Cet évènement majeur de l'Histoire de France est quasiment absent des livres d'Histoire. On ne le commémore jamais. C'est l'autre grand tabou de la France contemporaine, après celui de Vichy. Quarante ans après, l'évidence s'impose malgré tout : la naissance de l'actuelle République n'a été possible que grâce à un coup d'État d'un type nouveau, perpétré avec le concours de l'extrême droite et des forces de sécurité du pays.

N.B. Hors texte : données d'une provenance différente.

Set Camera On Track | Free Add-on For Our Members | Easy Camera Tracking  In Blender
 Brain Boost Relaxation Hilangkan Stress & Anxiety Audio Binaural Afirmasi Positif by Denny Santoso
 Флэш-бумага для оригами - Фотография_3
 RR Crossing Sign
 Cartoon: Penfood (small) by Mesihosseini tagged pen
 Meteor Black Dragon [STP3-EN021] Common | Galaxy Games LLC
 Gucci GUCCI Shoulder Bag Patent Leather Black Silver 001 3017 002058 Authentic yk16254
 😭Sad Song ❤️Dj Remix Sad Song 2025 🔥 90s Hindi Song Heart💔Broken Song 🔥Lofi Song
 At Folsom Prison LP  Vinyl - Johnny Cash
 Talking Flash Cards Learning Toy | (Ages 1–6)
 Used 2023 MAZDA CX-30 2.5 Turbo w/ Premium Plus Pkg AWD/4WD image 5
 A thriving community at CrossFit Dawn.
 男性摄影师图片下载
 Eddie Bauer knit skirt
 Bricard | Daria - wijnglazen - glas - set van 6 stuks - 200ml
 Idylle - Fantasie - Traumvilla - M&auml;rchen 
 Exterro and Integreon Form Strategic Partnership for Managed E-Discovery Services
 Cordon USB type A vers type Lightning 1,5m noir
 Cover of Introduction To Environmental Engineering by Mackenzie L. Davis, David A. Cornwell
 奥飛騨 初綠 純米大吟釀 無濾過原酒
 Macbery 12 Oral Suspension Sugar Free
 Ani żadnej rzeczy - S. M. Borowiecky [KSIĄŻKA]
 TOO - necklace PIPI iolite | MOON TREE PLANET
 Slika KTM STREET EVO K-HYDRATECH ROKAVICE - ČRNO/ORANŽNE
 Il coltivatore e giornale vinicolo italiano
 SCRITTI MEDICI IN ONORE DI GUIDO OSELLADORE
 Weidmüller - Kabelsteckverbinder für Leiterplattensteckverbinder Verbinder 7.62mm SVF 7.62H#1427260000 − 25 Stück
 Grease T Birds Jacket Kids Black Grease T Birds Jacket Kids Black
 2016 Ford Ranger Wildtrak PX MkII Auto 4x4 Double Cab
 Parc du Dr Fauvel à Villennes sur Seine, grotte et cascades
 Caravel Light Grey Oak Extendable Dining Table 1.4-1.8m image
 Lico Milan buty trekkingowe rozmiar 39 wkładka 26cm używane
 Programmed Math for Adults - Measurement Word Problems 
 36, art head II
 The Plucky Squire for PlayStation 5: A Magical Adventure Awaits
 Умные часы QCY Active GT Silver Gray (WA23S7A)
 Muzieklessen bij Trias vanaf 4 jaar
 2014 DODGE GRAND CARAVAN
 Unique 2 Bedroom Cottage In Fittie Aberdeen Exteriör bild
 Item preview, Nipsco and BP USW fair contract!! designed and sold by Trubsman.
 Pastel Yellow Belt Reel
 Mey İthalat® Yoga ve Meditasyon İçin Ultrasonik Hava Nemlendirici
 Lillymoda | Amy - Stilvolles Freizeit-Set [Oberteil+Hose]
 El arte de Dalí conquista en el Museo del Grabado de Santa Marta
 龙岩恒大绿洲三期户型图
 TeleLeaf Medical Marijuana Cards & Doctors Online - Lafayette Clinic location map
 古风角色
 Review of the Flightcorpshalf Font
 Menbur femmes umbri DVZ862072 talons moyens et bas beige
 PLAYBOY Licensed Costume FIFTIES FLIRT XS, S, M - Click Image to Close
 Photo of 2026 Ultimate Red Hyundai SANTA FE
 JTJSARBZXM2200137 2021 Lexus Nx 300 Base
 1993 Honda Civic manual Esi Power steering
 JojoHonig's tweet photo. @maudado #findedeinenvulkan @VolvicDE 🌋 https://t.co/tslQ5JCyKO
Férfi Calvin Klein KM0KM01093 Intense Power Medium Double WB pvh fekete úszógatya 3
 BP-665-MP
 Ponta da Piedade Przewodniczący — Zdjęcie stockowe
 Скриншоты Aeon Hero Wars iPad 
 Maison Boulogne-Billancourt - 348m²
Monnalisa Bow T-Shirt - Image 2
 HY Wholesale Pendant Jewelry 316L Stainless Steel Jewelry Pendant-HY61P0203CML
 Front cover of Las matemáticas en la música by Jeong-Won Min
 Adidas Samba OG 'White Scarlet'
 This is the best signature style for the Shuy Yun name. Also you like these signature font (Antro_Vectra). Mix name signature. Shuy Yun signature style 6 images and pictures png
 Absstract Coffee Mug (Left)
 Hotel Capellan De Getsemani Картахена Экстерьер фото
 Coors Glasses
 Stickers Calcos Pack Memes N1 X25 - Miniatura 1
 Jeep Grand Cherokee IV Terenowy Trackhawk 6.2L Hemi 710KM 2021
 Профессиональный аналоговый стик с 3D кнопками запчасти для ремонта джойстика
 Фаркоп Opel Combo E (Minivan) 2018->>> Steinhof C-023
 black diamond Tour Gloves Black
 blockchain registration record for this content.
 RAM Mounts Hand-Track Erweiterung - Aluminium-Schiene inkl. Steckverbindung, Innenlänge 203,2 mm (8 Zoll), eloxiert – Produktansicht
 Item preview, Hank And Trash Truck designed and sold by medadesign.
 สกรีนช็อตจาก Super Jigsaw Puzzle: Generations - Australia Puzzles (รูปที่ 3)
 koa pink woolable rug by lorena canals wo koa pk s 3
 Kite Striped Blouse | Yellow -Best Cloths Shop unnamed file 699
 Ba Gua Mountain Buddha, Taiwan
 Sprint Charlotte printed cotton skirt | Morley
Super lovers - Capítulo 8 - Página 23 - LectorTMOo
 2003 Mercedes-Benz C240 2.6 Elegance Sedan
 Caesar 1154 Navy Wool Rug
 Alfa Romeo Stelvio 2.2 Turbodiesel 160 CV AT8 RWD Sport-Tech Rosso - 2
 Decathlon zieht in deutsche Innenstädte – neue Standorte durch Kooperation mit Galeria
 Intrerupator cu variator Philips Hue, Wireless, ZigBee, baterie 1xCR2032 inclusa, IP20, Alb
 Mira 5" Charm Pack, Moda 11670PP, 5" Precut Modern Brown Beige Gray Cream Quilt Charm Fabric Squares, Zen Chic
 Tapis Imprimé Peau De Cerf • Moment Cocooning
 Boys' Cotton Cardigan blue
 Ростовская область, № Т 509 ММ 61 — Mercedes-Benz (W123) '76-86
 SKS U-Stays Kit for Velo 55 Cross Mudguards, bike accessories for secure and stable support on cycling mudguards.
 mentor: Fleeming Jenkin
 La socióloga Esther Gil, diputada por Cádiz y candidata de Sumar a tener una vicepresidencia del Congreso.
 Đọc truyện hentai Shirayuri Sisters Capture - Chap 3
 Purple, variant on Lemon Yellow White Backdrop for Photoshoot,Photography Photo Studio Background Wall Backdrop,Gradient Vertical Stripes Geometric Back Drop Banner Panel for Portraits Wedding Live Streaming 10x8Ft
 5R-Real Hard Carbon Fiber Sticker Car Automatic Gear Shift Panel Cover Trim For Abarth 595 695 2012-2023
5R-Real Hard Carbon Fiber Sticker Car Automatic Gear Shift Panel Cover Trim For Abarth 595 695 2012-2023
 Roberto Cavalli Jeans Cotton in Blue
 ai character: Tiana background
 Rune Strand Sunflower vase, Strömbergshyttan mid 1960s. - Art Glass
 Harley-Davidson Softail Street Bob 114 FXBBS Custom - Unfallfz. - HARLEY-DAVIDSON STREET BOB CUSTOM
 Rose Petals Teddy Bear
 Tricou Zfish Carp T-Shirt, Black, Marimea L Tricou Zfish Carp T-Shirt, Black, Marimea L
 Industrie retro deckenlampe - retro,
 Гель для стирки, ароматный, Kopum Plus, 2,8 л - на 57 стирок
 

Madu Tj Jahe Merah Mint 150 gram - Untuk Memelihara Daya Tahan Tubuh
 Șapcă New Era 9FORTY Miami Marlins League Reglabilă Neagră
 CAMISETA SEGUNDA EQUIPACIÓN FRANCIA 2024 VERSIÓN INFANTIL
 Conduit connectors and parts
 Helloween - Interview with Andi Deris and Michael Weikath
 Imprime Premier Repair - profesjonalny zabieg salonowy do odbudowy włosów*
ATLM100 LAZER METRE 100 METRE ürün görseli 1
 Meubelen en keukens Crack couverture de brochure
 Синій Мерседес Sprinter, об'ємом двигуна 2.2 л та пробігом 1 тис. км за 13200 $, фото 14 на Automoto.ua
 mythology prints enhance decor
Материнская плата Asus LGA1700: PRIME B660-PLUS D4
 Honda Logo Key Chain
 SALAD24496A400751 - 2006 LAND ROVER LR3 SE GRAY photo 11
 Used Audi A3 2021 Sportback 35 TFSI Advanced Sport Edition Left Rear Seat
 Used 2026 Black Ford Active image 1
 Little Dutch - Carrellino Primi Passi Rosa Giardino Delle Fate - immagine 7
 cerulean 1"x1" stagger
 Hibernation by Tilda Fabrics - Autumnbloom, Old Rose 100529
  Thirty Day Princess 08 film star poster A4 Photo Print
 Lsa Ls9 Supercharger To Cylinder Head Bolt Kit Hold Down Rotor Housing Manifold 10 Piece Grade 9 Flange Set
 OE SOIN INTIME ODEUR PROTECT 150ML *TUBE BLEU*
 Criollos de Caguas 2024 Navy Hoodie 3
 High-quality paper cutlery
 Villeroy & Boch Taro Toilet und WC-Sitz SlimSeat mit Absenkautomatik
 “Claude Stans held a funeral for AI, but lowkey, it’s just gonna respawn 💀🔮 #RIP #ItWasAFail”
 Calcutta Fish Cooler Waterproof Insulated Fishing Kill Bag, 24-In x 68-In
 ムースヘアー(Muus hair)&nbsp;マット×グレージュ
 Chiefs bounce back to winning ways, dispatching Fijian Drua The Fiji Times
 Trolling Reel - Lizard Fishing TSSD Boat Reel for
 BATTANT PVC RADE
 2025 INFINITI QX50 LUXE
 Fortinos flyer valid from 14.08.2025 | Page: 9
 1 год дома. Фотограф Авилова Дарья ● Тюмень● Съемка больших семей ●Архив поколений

En racontant la genèse et le déroulement de ce coup d'État, Christophe Nick met en évidence une technique simple et efficace de prise de pouvoir dans une démocratie moderne. Technique qui, aujourd'hui, compte des émules aux quatre coins du globe. Cette enquête s'accompagne d'un petit “manuel du coup d'État démocratique” en ouze leçons, intercalées entre chaque chapitre, qui pourrait passer pour un jeu amusant s'il ne démontrait pas l'extrême fragilité des démocraties. »

 

Christophe Nick : “Les origines de la Ve République c’est Technique du coup d’État de Malaparte”, Les Influences, 4 oct 2018

« En 1999, un journaliste d’enquête, Christophe Nick (né, smiley, en 1958), avait publié un document, Résurrection (Fayard). Résurrection était le nom de l’opération destinée à faire revenir De Gaulle au pouvoir en mai 1958, sans utiliser les élections ni faire basculer le pays dans un régime de dictature. Mode d’emploi :la famille politique avec plusieurs nuances dite des nationaux, gaullistes et extrême droite, cultivaient depuis de nombreuses années, le dessein de renverser la IVe République. Les diverses crises que sécrètent la Guerre d’Algérie, et qu’ils aggravent avec les techniques de la guerre psychologique très en vogue au 5e Bureau, permettent cette rupture spectaculaire. “ Les gaullistes poussent l’armée à basculer, ce qu’elle fera le 13 mai après que les activistes ont pris d’assaut le Gouvernement général d’Alger, explique l’enquêteur. En collaboration avec l’état-major gaulliste, les militaires organisent la sécession de la Corse, puis montent un projet de débarquement sur Paris. C’est l’opération Résurrection. Devant la menace de guerre civile, l’Assemblée nationale cède. Elle donne les pleins pouvoirs à De Gaulle, puis vote sa propre dissolution pour que s’élabore la constitution de la Ve République.” Ce scénario des coulisses pourtant connu, balisé, validé n’est que très peu étudié dans les lycées et universités français. Soixante ans plus tard, la constitution de 1958 est toujours en vigueur, et garde bon pied bon œil malgré les rêves de Vie République, et les promesses de réforme constitutionnelle d’Emmanuel Macron. (…)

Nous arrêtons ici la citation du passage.